Aim of the exercise:
For this exercise, retype every record below exactly and keep the pictures out.

════════════════

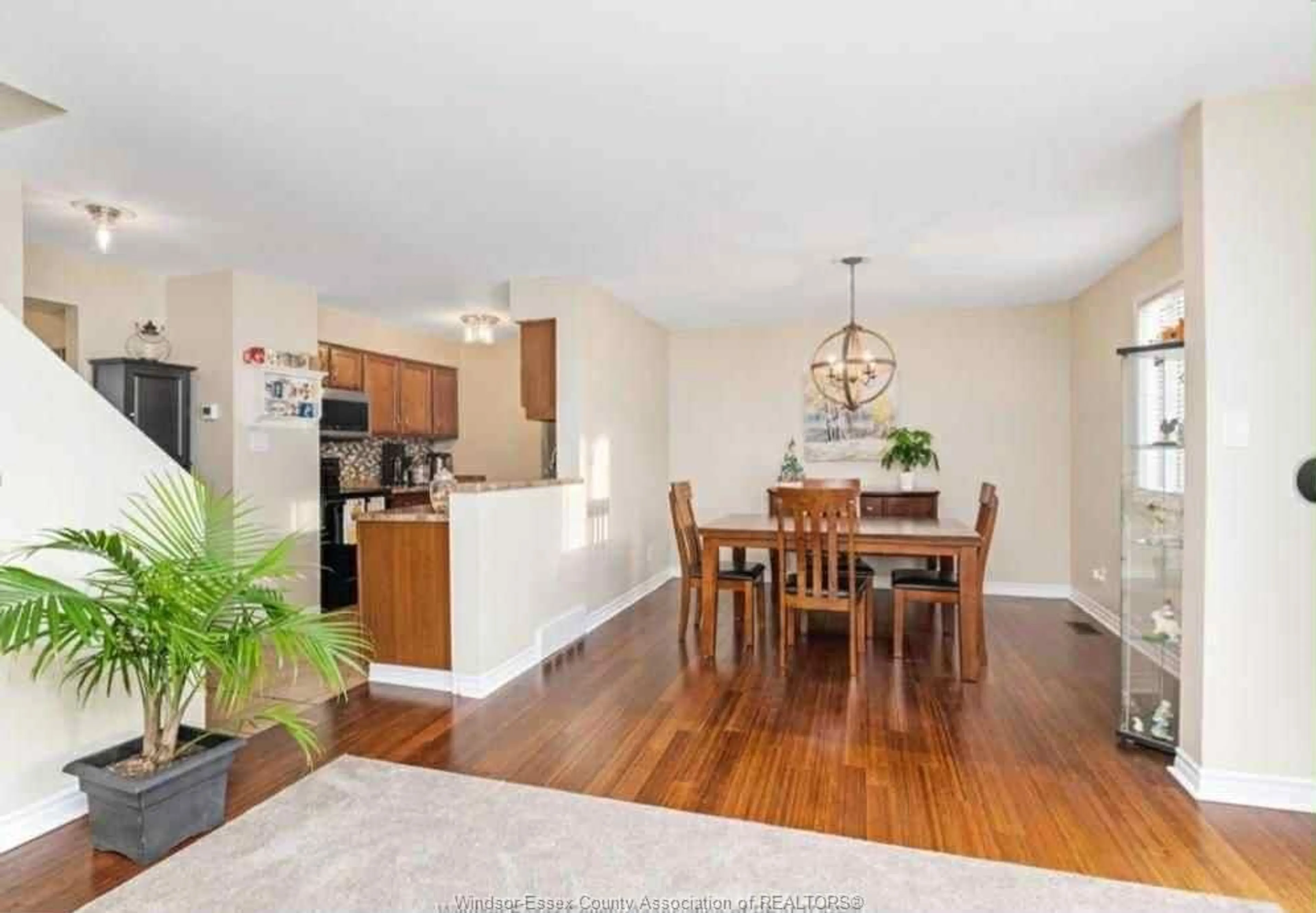 Open concept kitchen, wood/laminate floor for 1285 CARDINAL Cres #37, Tecumseh Ontario N8N 4V1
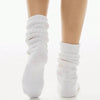 A pair of white slouch knit scrunch socks worn on a person's foot.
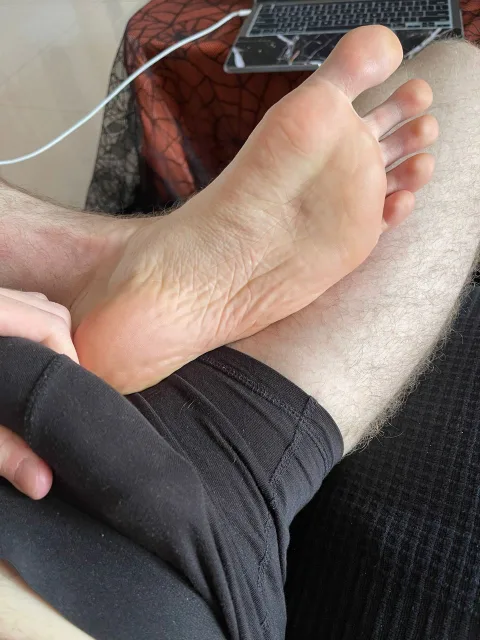 Lazy lad’s hairy legs and bare soles resting on his thigh, foot fetish focus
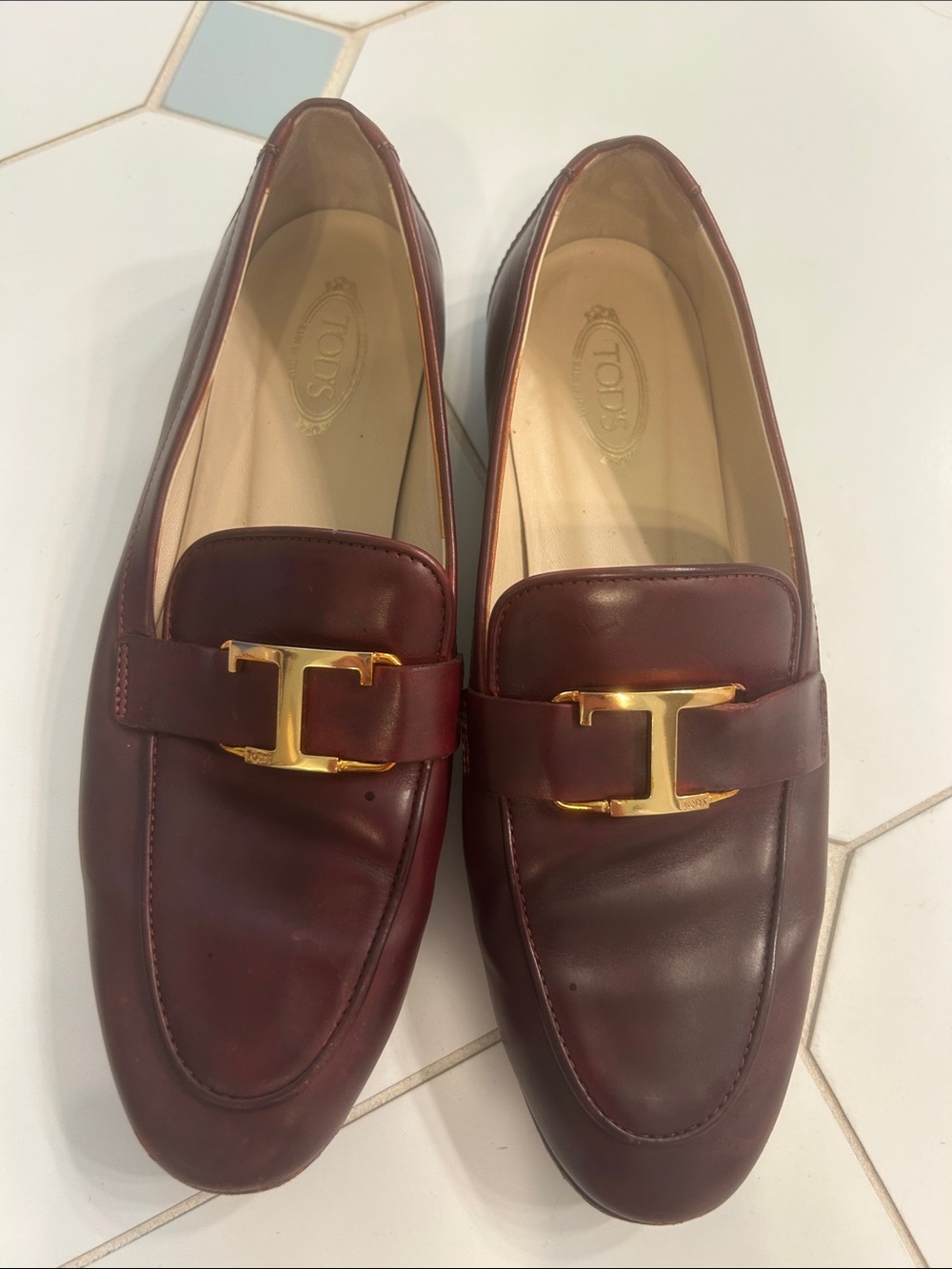 Tod's Men's Burgundy Leather Loafers with Gold 'T' Bit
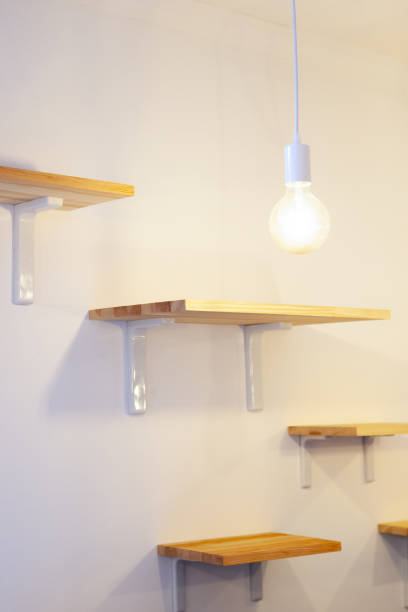 istock indoor shelves for cat at white wall background. 1131868613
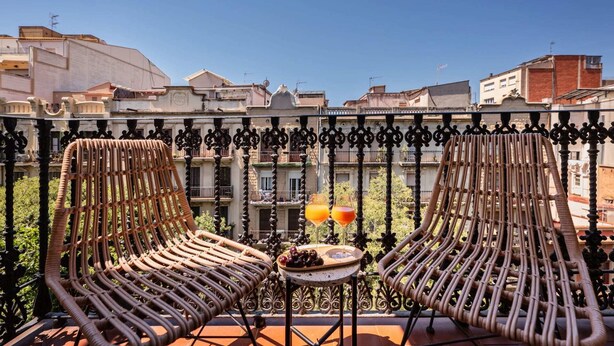 Ein Balkon mit zwei Korbstühlen, einem kleinen Tisch mit einer Schale Kirschen und zwei Gläsern Orangensaft.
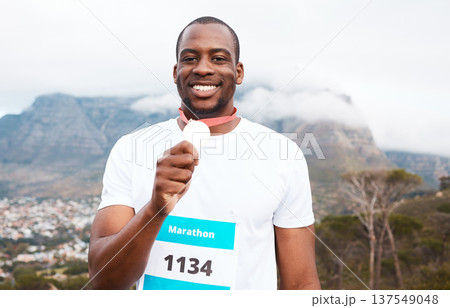 Runner man, winner and medal in portrait for marathon, competition or race with smile in Cape Town. African athlete guy, champion and success in challenge, contest and happy for metal prize in nature Runner man, winner and medal in portrait for marathon, competition or race with smile in Cape Town. African athlete guy, champion and success in challenge, contest and happy for metal prize in nature 137549048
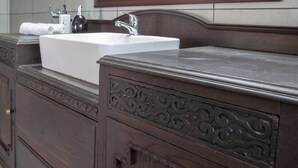 A bathroom with a white sink, dark wooden vanity, and a mirror with a gold frame. - Lake Villa Room 15 (Swartberg)
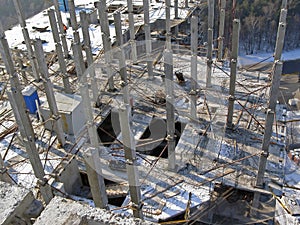Precast reinforced concrete elements of the building, view from above. A frame made of columns and slabs on a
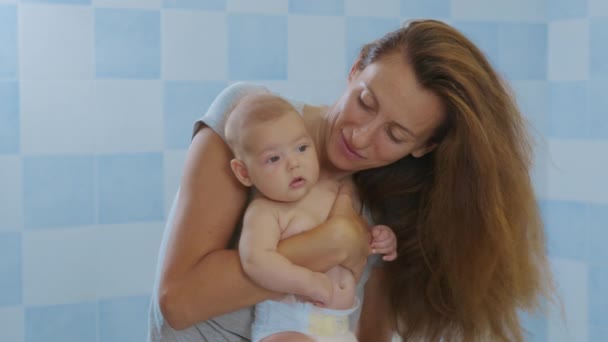 Liebevolle zarte junge Mutter hält entzückende süße Mädchen Tochter umarmt küssende kleine Kind. Glückliche liebevolle Mutter kuschelt mit Säugling und steht zu Hause. — Stockvideo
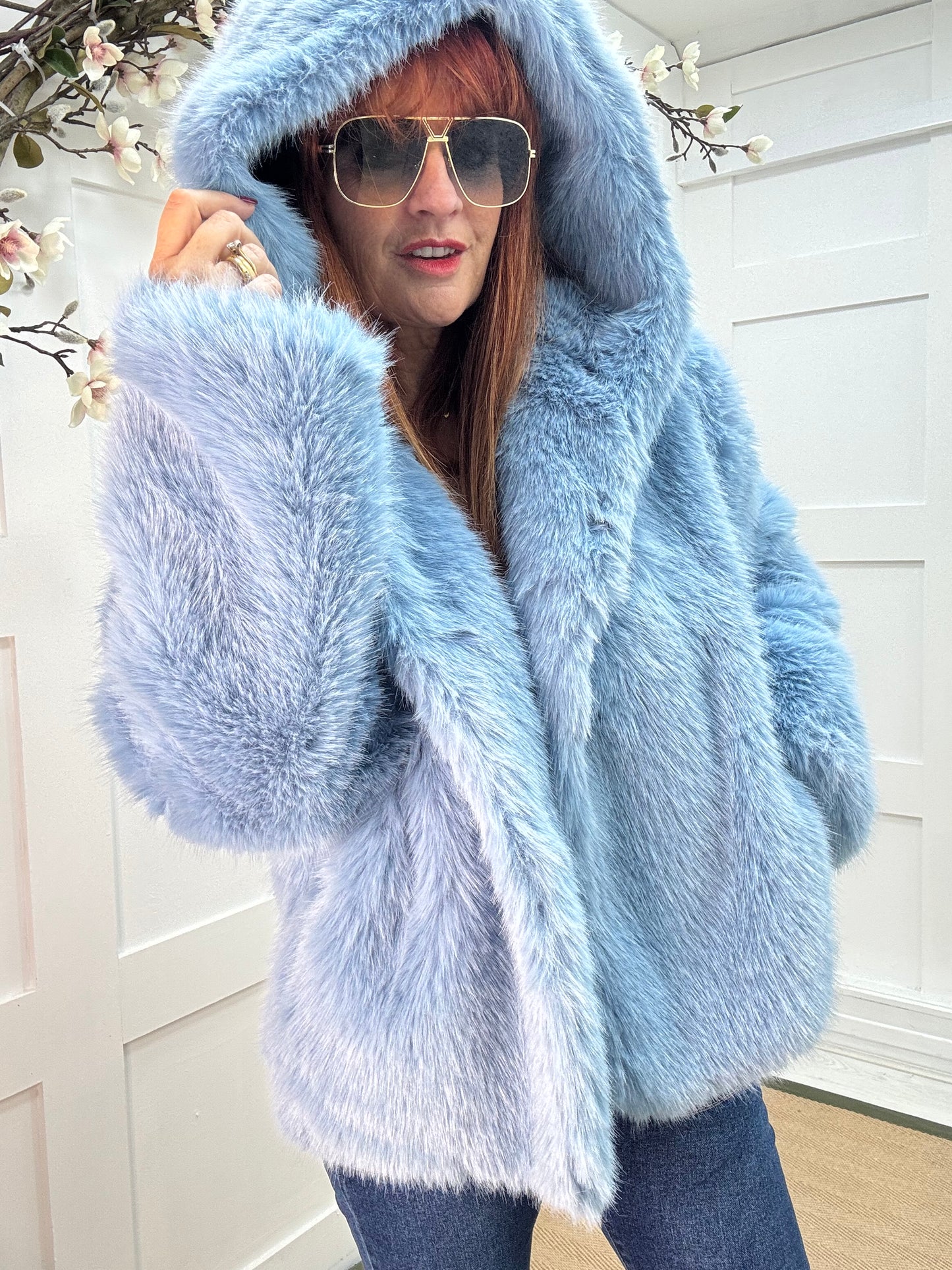 Foxy: Blue short faux fur hooded jacket. One size 12-16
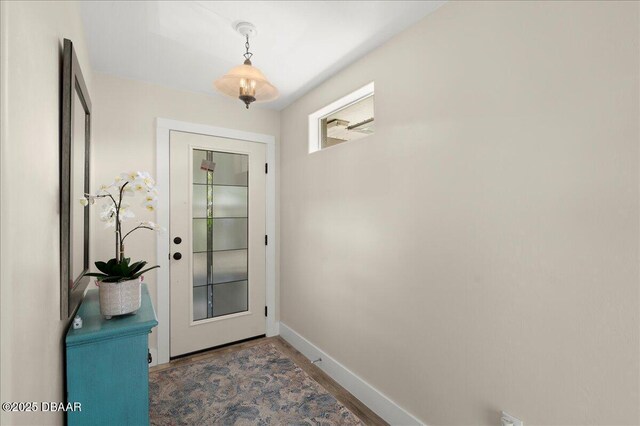 1589 Town Park Dr, Port Orange, FL 32129 - doorway to outside featuring dark wood-type flooring
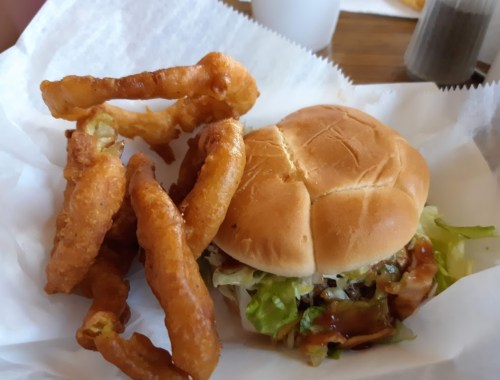 A hamburger with lettuce and sauce next to a serving of crispy onion rings on a white paper-lined plate.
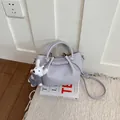 Lavender textured leather bucket bag with top handle and plush bunny charm - Purple with Pendant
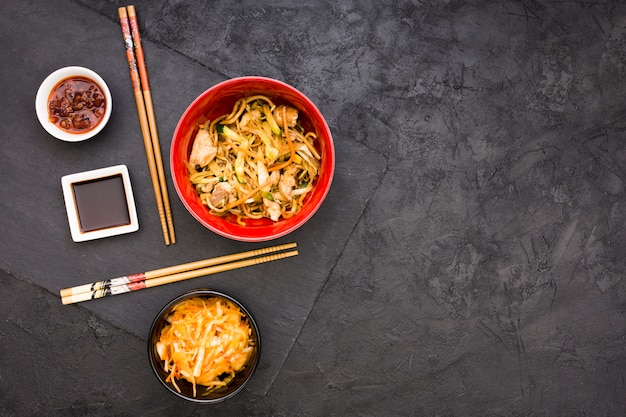 Foto ensalada; salsas y fideos servidos en un bol con palillos.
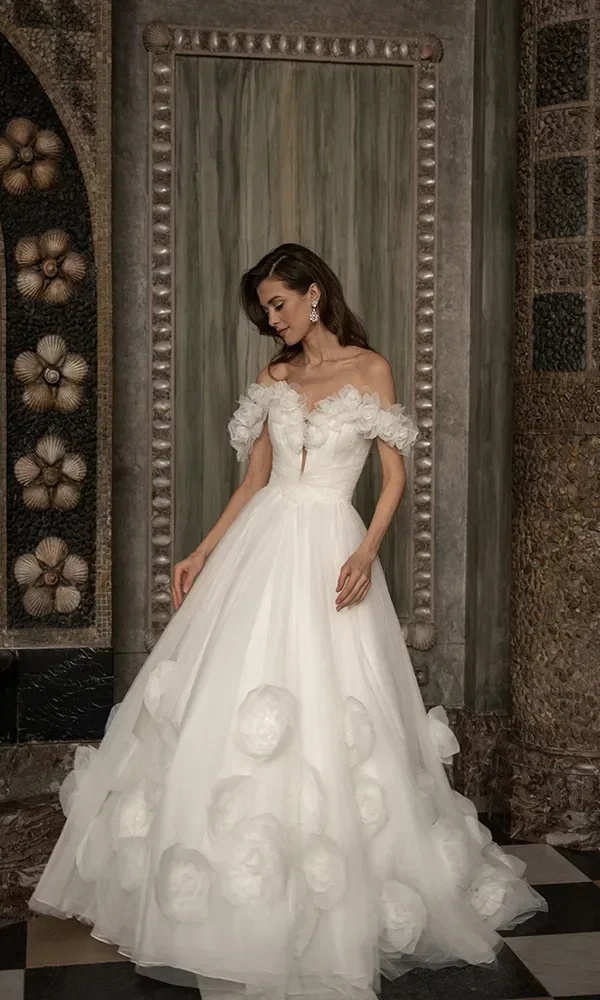 Eine Frau in einem weißen Brautkleid mit Blumenapplikationen und schulterfreiem Design steht vor einer historischen Wand mit kunstvollen Gemälden und Dekorationen.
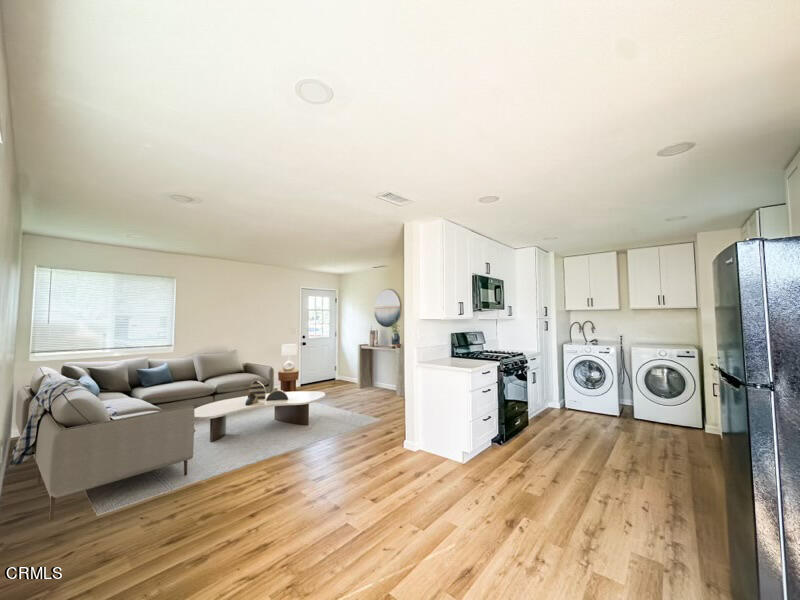 1805 MacArthur Place Oxnard, CA 93033 - Photo 4 of 23 a living room with furniture a flat screen tv and a refrigerator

════════════════

Result of the exercise:
 Open concept kitchen, wood/laminate floor for 1285 CARDINAL Cres #37, Tecumseh Ontario N8N 4V1
 A pair of white slouch knit scrunch socks worn on a person's foot.
 Lazy lad’s hairy legs and bare soles resting on his thigh, foot fetish focus
 Tod's Men's Burgundy Leather Loafers with Gold 'T' Bit
 istock indoor shelves for cat at white wall background. 1131868613
 Ein Balkon mit zwei Korbstühlen, einem kleinen Tisch mit einer Schale Kirschen und zwei Gläsern Orangensaft.
 Runner man, winner and medal in portrait for marathon, competition or race with smile in Cape Town. African athlete guy, champion and success in challenge, contest and happy for metal prize in nature Runner man, winner and medal in portrait for marathon, competition or race with smile in Cape Town. African athlete guy, champion and success in challenge, contest and happy for metal prize in nature 137549048
 A bathroom with a white sink, dark wooden vanity, and a mirror with a gold frame. - Lake Villa Room 15 (Swartberg)
Precast reinforced concrete elements of the building, view from above. A frame made of columns and slabs on a
 Liebevolle zarte junge Mutter hält entzückende süße Mädchen Tochter umarmt küssende kleine Kind. Glückliche liebevolle Mutter kuschelt mit Säugling und steht zu Hause. — Stockvideo
 Foxy: Blue short faux fur hooded jacket. One size 12-16
 1589 Town Park Dr, Port Orange, FL 32129 - doorway to outside featuring dark wood-type flooring
 A hamburger with lettuce and sauce next to a serving of crispy onion rings on a white paper-lined plate.
 Lavender textured leather bucket bag with top handle and plush bunny charm - Purple with Pendant
 Foto ensalada; salsas y fideos servidos en un bol con palillos.
 Eine Frau in einem weißen Brautkleid mit Blumenapplikationen und schulterfreiem Design steht vor einer historischen Wand mit kunstvollen Gemälden und Dekorationen.
 1805 MacArthur Place Oxnard, CA 93033 - Photo 4 of 23 a living room with furniture a flat screen tv and a refrigerator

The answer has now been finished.